* [What the exercise asks]: Pictures are to be left out. Return exactly the lines below from the one with "2026 Honda Civic Hybrid Sport Touring" up to and including the one with "Lemon Segar 1 Pcs".

━━━ Data ━━━

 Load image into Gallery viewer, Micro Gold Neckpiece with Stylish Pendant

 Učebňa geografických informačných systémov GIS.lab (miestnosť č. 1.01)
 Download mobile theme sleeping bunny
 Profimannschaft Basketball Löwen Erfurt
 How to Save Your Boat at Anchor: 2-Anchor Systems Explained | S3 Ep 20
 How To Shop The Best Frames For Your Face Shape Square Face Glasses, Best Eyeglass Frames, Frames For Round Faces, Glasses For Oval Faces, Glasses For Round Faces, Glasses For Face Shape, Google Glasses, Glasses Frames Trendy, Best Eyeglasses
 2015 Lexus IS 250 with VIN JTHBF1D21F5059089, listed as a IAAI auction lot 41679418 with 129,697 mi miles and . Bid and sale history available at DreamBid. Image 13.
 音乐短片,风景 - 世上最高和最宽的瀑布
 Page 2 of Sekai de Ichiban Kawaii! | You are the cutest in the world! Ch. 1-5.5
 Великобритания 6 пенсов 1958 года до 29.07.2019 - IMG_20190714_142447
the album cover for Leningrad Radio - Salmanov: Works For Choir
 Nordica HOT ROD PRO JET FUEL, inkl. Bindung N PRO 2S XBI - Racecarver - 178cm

━━━
━━━ Data ━━━

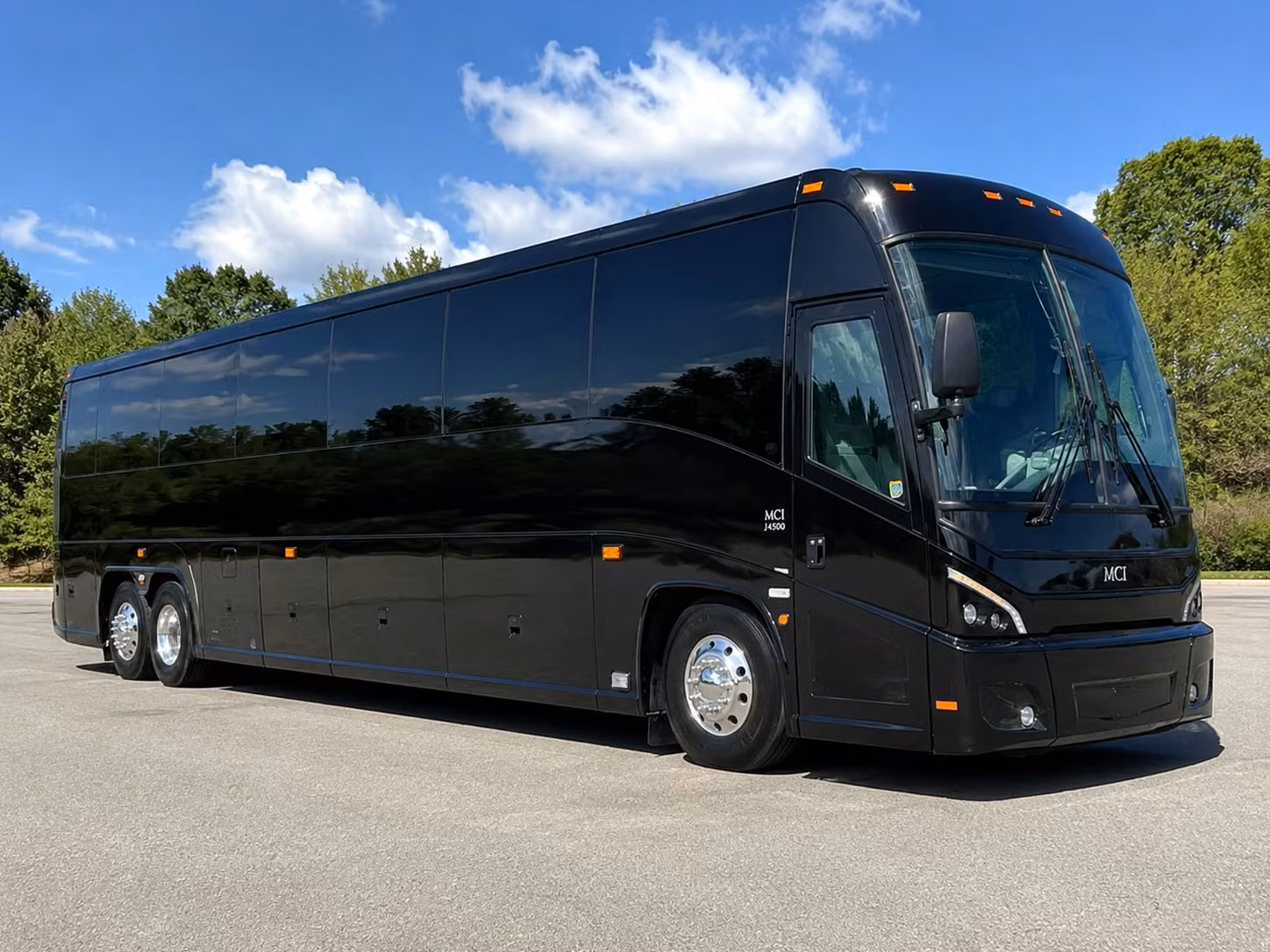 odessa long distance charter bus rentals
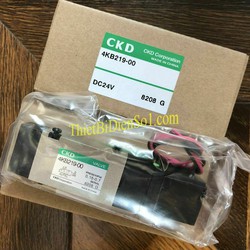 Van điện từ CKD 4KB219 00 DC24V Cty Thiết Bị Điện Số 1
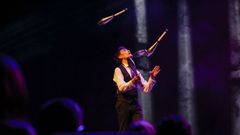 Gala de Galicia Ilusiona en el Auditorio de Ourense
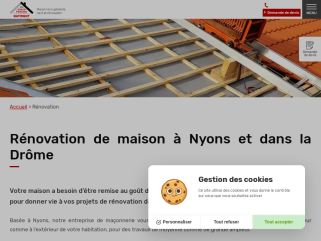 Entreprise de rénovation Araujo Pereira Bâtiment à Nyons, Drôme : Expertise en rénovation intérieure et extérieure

━━━
━━━ Data ━━━

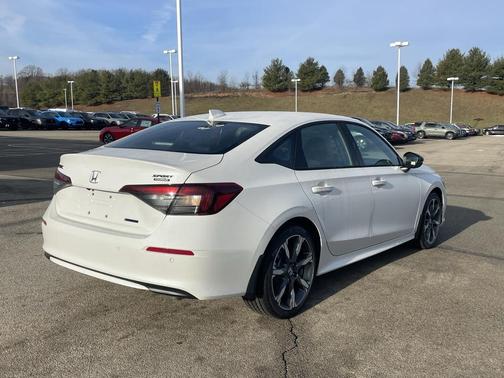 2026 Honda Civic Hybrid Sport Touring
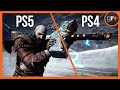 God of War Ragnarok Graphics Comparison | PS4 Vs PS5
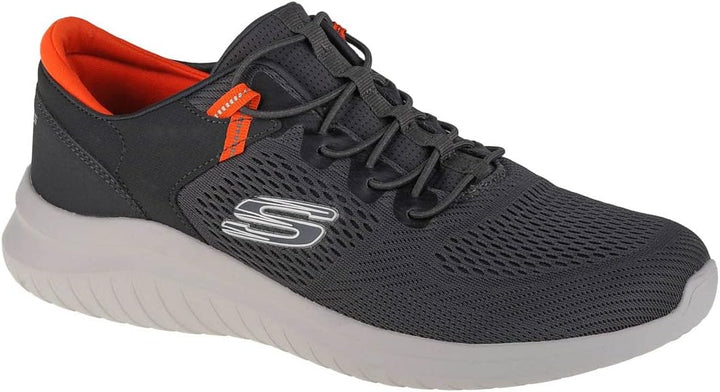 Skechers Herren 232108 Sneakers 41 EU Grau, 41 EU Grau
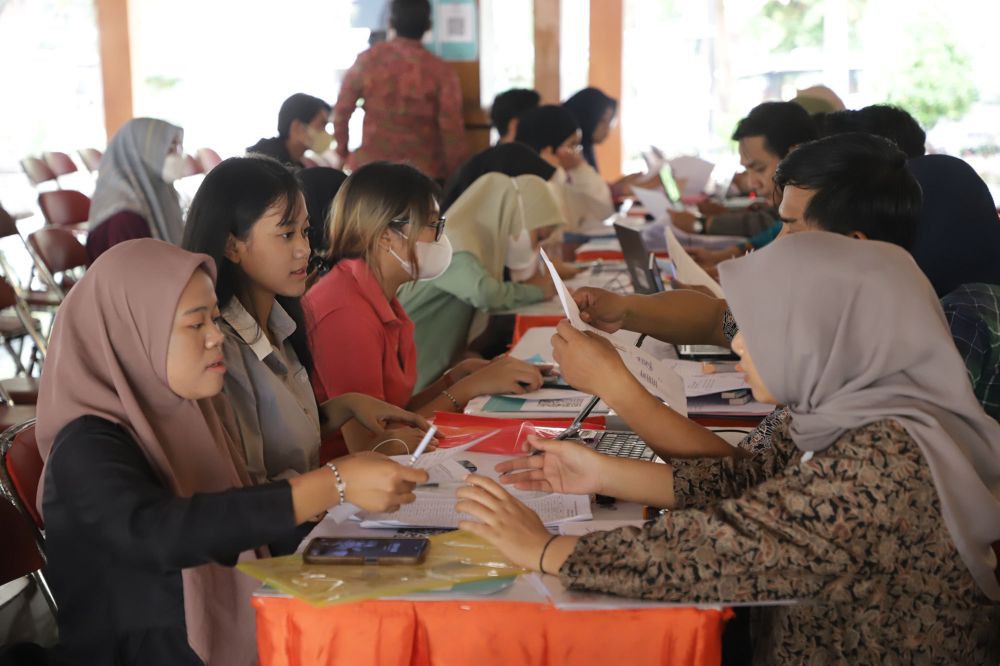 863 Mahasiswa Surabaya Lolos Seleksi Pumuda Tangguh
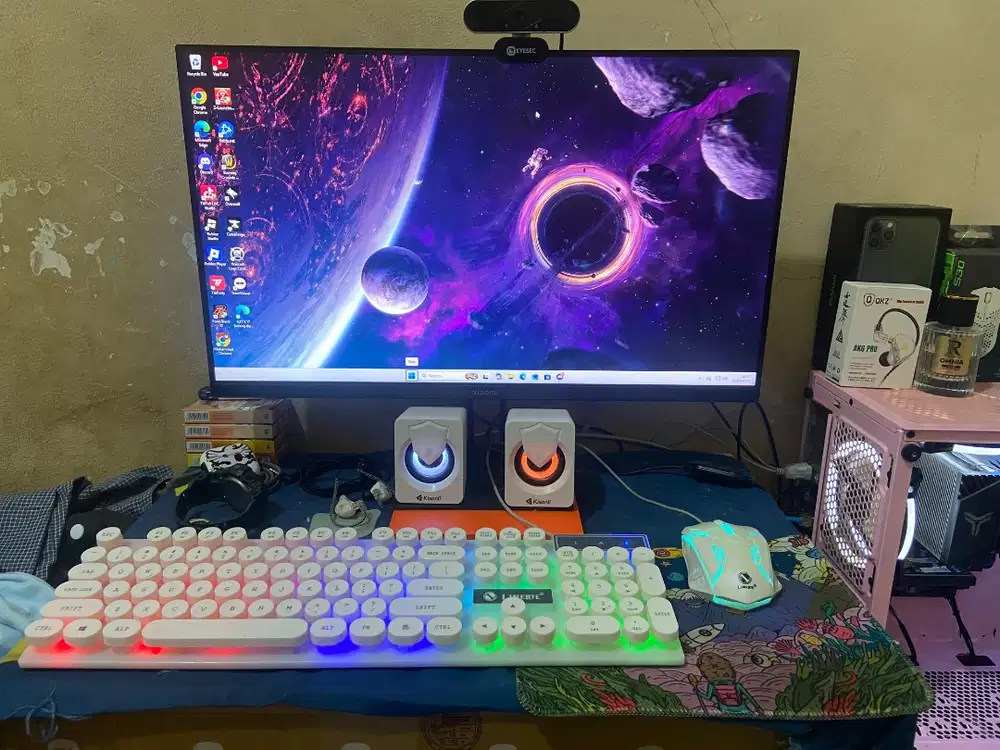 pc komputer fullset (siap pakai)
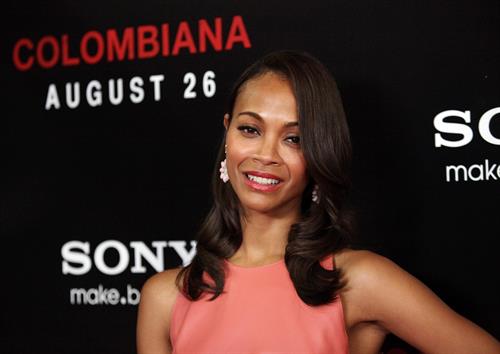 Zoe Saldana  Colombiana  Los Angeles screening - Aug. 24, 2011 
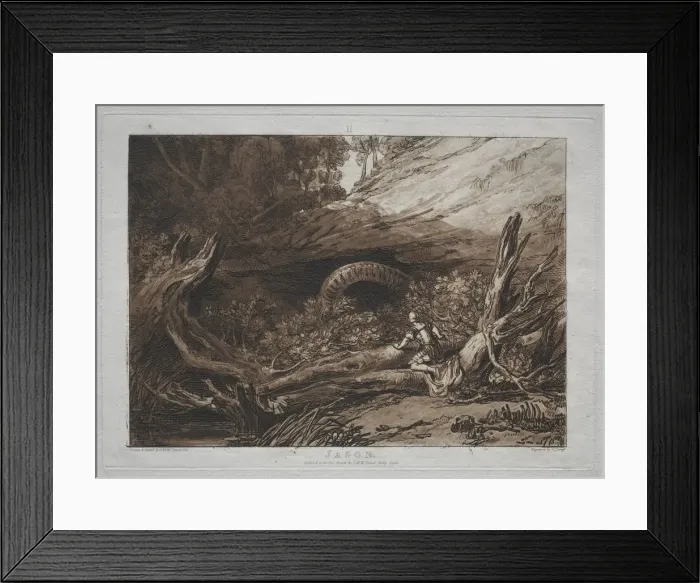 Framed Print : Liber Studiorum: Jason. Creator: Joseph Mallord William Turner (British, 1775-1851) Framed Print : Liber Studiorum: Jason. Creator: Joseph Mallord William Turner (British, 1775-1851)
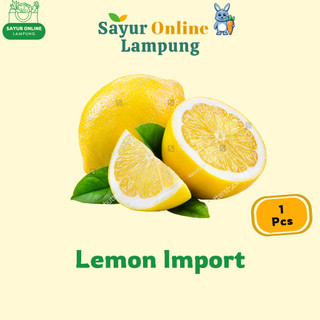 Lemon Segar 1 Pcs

━━━

* [Final answer]:
 2026 Honda Civic Hybrid Sport Touring
 God of War Ragnarok Graphics Comparison | PS4 Vs PS5
 Skechers Herren 232108 Sneakers 41 EU Grau, 41 EU Grau
 863 Mahasiswa Surabaya Lolos Seleksi Pumuda Tangguh
 pc komputer fullset (siap pakai)
 Zoe Saldana  Colombiana  Los Angeles screening - Aug. 24, 2011 
 Framed Print : Liber Studiorum: Jason. Creator: Joseph Mallord William Turner (British, 1775-1851) Framed Print : Liber Studiorum: Jason. Creator: Joseph Mallord William Turner (British, 1775-1851)
 Lemon Segar 1 Pcs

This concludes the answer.